Duygularımızın, düşüncelerimizin, hayallerimizin ve çelişkilerimizin içinde huzursuz bir debelenme idi ömür dediğimiz süreç.
Kalbimizi ellerimizle boğuyor, ruhumuzu dilimizle kandırıyorduk.
Ne büyük bir aldatmaca idi yaşamak(!)
Oysaki hiçbir kuş ölmekten korktuğu için göç etmez, onlar yalnızca yaşama kanat çırparlar. Güneş tüm ihtişamı ile ısıtırken dünyayı, yaşamayı beceremeyişimiz nedendir?
Sen şiirsin çocuk
Ben sana hayallerimi yansıttım en dev aynalarda...

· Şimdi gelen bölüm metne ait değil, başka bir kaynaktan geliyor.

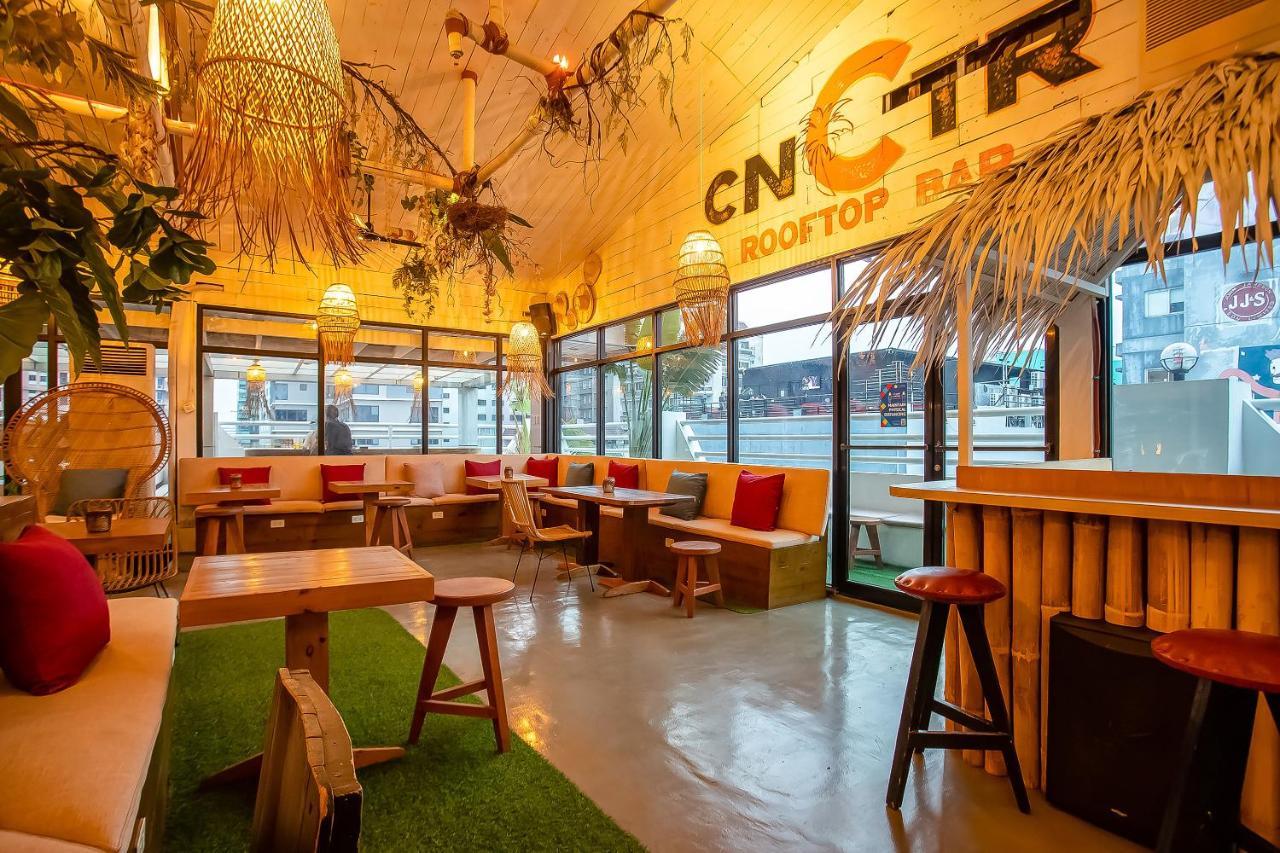 Oyo 821 Connector Hostel Makati City Екстер'єр фото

Kiraz ağaçlarına salıncaklar kurdum
Bir avuç sularda
Gemiler yüzdürdüm
İklimleri feda ettim bakışlarının uğruna
Gözbebeklerinde dünyayı durdurdum
Sevgi neydi?
Seni sevdiğim gibi sevmekten daha öteye gidemeyen bir çoşkudan başka
Gel ateşe verelim ha evreni
Gel ele ele tutuşup
Bulmuştum en sonunda kırılmalarımın sebebini, kendimi anlamanın eşiğinden her durup bakmamda dedim ki:
—devam et.
Kaybetsen de ne fark eder. Neyini alabilirler en fazla, aklını mı, canını mı? Belki zamanını... Bugün iyi niyetimden kırık dökük kalanlarımın ne onlara ne bana yetmediğini gördükçe başladı bütün susmalarım. İyi niyetimi alırken hem kendilerine hem bana ne büyük kötülük ettiklerini anlayamayacak kadar haklı olduklarına inandılar. Sevmelerimden vazgeçmenin hesabına asla oturmadım kimse ile...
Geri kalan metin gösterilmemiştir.